BuildCache has been used daily in production environments for years with near zero issues (any problem that has emereged has of course been fixed), which gives it a good track record.

With that said, BuildCache is still considered to be under development.

Building

Use CMake and your favorite C++ compiler to build the BuildCache program:

$ mkdir build
$ cd build
$ cmake -DCMAKE_BUILD_TYPE=Release ../src
$ cmake --build .

Note: For S3 support on non-macOS/Windows systems you need OpenSSL (e.g. install libssl-dev on Ubuntu before running CMake).

Usage

To use BuildCache for your builds, simply prefix the build command with buildcache.

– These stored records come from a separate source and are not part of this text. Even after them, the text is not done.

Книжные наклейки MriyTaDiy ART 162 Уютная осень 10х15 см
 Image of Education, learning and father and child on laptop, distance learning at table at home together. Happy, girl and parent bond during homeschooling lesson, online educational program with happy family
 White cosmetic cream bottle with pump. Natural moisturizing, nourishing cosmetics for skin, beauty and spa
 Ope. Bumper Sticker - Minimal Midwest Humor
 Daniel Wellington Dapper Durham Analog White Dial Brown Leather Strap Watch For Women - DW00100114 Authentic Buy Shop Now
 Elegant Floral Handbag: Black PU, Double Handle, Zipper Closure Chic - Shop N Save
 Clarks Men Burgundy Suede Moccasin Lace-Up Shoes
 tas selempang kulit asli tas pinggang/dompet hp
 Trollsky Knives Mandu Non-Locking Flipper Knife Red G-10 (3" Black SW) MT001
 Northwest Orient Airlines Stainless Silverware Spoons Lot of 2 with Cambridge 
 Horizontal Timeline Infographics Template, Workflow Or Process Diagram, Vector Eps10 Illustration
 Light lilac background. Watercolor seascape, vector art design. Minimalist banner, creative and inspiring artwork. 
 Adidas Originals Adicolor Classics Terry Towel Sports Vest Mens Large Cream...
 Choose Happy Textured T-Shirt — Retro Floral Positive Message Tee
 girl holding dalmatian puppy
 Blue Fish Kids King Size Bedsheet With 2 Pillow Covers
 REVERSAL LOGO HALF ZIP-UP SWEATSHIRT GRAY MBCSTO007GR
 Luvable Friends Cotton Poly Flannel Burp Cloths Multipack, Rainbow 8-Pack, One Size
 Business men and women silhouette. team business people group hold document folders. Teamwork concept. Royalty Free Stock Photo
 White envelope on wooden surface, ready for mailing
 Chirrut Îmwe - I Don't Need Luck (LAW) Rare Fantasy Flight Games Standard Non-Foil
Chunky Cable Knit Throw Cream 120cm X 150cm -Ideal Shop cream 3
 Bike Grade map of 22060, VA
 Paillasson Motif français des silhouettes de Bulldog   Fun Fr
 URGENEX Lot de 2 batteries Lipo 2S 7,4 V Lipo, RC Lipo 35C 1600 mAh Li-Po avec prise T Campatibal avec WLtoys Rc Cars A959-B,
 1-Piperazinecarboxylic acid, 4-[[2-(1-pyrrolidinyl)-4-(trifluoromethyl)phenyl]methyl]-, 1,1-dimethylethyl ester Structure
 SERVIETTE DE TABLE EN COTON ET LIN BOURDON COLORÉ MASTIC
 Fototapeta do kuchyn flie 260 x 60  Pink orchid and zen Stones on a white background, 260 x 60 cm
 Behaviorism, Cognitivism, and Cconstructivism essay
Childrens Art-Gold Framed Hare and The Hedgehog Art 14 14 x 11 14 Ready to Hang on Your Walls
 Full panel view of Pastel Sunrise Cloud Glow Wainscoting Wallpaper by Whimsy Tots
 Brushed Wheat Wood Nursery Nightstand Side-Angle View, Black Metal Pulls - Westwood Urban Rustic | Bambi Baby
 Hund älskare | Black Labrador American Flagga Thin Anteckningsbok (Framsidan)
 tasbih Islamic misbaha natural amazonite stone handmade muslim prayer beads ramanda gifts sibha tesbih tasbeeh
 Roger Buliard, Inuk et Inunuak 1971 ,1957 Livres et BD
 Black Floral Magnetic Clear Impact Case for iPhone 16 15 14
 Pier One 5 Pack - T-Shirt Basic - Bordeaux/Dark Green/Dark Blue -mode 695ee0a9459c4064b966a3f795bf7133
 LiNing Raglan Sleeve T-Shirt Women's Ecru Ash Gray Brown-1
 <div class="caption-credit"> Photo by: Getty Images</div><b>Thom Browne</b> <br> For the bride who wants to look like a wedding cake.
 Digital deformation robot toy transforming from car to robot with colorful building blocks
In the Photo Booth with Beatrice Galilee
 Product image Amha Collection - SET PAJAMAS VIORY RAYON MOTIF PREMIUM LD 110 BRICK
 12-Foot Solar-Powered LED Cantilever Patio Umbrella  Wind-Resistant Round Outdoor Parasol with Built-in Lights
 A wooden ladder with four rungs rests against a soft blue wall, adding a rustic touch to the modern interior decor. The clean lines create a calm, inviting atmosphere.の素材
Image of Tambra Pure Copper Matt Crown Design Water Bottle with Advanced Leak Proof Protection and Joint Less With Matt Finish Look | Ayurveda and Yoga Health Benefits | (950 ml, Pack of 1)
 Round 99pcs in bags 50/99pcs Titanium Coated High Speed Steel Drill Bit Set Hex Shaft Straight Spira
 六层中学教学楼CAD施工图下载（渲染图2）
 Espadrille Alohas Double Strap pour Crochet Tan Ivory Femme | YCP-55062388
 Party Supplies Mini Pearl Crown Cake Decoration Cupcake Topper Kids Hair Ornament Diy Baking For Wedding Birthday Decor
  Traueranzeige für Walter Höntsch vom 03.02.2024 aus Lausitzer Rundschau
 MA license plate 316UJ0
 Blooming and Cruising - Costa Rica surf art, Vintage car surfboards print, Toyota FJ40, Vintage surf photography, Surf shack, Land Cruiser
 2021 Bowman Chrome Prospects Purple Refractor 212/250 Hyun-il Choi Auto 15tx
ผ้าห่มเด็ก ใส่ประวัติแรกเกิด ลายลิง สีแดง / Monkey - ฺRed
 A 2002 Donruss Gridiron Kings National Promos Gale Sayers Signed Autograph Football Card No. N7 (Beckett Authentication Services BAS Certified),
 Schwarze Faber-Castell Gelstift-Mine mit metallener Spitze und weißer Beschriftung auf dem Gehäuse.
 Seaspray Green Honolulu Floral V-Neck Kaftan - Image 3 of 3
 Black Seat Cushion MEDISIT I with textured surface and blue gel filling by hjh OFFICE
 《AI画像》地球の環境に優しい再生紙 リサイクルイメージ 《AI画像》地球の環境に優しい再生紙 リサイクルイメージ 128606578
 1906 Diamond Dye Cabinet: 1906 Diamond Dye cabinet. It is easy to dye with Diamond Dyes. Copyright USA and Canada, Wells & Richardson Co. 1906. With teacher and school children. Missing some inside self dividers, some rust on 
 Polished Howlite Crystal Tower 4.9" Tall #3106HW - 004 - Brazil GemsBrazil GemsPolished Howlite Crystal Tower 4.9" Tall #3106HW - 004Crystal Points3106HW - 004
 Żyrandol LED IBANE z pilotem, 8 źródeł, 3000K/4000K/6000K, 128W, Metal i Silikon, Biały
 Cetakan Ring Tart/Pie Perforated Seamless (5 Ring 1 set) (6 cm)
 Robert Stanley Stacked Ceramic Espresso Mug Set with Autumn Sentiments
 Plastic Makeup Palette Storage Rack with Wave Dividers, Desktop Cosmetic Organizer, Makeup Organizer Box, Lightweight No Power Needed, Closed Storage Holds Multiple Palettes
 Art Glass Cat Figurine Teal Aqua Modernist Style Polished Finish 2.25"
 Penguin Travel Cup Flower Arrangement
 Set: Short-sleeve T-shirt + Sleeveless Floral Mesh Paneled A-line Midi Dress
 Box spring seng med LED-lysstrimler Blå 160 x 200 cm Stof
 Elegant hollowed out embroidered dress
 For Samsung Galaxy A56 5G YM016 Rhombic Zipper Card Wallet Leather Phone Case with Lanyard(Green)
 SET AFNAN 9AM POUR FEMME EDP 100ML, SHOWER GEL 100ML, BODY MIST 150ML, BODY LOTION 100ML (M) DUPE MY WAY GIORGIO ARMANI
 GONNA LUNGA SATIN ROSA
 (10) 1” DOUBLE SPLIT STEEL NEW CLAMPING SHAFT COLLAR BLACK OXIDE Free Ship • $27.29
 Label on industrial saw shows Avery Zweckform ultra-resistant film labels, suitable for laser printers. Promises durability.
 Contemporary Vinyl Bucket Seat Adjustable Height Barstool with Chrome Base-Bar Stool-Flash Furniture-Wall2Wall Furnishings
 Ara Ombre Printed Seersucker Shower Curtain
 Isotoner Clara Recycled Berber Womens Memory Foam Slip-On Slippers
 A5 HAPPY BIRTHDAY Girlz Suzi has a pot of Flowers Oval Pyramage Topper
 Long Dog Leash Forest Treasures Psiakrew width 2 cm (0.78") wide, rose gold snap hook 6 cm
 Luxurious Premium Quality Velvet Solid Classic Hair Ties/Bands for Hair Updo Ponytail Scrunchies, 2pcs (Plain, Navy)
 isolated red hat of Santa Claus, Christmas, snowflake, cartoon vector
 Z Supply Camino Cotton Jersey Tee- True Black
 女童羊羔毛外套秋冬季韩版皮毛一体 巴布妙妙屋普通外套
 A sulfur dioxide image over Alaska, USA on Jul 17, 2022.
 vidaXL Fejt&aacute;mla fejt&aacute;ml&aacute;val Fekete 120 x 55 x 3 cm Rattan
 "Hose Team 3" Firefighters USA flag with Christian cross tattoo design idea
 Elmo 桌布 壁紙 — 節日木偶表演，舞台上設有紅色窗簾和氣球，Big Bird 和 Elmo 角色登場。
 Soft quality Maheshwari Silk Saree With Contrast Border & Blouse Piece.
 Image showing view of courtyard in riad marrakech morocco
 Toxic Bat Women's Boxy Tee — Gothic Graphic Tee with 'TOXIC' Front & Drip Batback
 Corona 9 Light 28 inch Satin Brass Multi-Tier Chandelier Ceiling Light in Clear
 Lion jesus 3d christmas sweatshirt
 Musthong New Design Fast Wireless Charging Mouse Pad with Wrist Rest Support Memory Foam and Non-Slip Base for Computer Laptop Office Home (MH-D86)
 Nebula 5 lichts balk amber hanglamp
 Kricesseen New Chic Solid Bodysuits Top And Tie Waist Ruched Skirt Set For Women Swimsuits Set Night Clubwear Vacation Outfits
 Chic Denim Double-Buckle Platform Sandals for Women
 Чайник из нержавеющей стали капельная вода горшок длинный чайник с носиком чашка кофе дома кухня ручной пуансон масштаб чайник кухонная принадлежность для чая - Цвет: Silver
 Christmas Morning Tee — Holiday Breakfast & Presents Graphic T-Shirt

For instance:

$ buildcache g++ -c -O2 hello.cpp -o hello.o

A convenient solution for bigger CMake-based projects is to use the RULE_LAUNCH_COMPILE property to use BuildCache for all compilation commands, like so:

find_program(buildcache_program buildcache)
if(buildcache_program)
  set_property(GLOBAL PROPERTY RULE_LAUNCH_COMPILE "${buildcache_program}")
endif()

Another alternative is to create symbolic links that redirect invokations of your favourite compiler to go via BuildCache instead. For instance, if $HOME/bin is early in your PATH, you can do the following:

$ ln -s /path/to/buildcache $HOME/bin/cc
$ ln -s /path/to/buildcache $HOME/bin/c++
$ ln -s /path/to/buildcache $HOME/bin/gcc
$ ln -s /path/to/buildcache $HOME/bin/g++
…

You can check that it works by invoking the compiler with BuildCache debugging enabled:

$ BUILDCACHE_DEBUG=1 gcc
BuildCache[52286] (DEBUG) Invoked as symlink: gcc
…

Using with icecream

icecream (or ICECC) is a tool for distributed compilation. To use icecream you can set the environment variable BUILDCACHE_PREFIX to the icecc executable, e.g:

$ BUILDCACHE_PREFIX=/usr/bin/icecc buildcache g++ -c -O2 hello.cpp -o hello.o

Using a shared remote cache

To improve the cache hit ratio in a cluster of machines that often perform the same or similar build tasks, you can use a shared remote cache (in addition to the local cache).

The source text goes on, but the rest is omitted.